PROBLEM
Once you reach the line with "The palatal button" in the material below, copy each line exactly up to and including the line with "Hi, I'm Alex", and skip the pictures.

EXCERPTED RECORDS
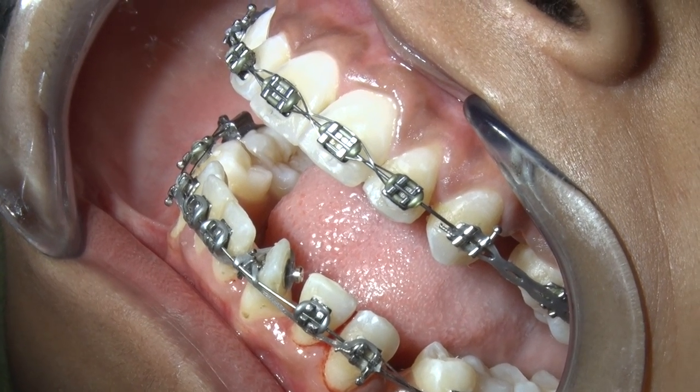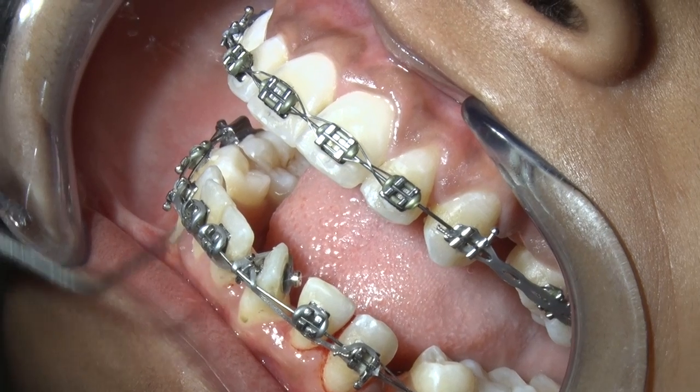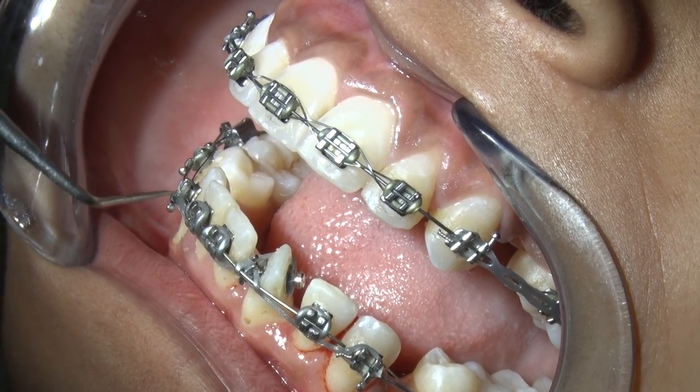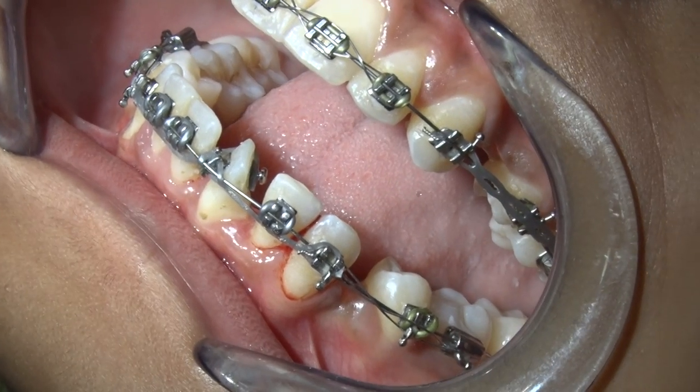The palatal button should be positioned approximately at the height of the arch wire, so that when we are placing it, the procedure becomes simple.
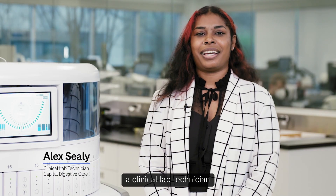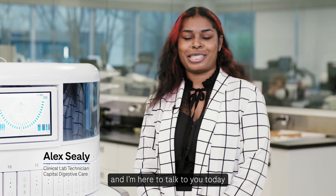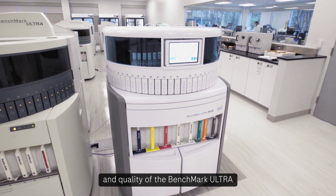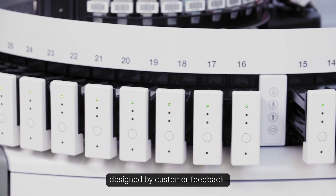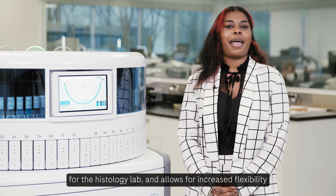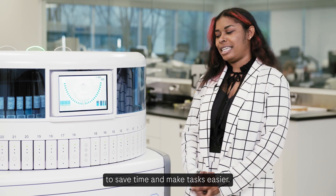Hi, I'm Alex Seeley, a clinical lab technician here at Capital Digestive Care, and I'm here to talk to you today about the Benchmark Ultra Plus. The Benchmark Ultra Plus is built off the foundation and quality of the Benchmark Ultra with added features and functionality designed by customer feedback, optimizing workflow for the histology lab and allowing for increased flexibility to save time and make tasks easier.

...

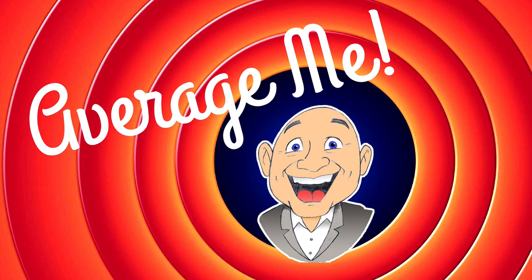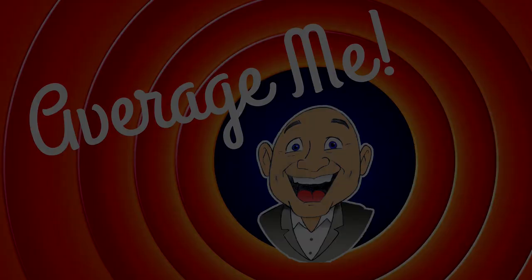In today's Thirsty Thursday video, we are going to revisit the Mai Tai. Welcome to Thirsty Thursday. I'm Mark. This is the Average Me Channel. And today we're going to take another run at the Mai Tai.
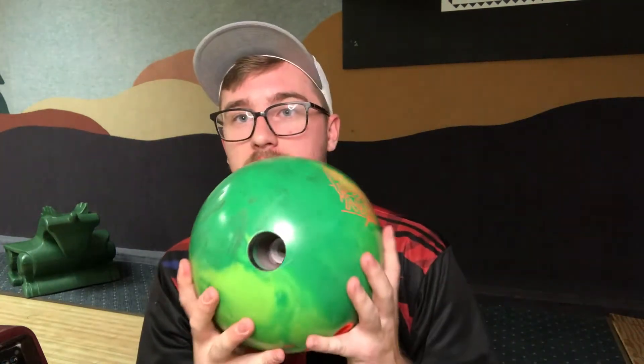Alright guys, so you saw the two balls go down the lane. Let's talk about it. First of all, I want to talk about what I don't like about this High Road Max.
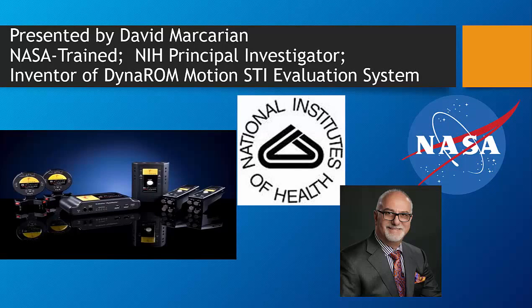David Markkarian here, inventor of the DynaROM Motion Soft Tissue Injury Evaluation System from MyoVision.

EXPECTED ANSWER
The palatal button should be positioned approximately at the height of the arch wire, so that when we are placing it, the procedure becomes simple.
Hi, I'm Alex Seeley, a clinical lab technician here at Capital Digestive Care, and I'm here to talk to you today about the Benchmark Ultra Plus. The Benchmark Ultra Plus is built off the foundation and quality of the Benchmark Ultra with added features and functionality designed by customer feedback, optimizing workflow for the histology lab and allowing for increased flexibility to save time and make tasks easier.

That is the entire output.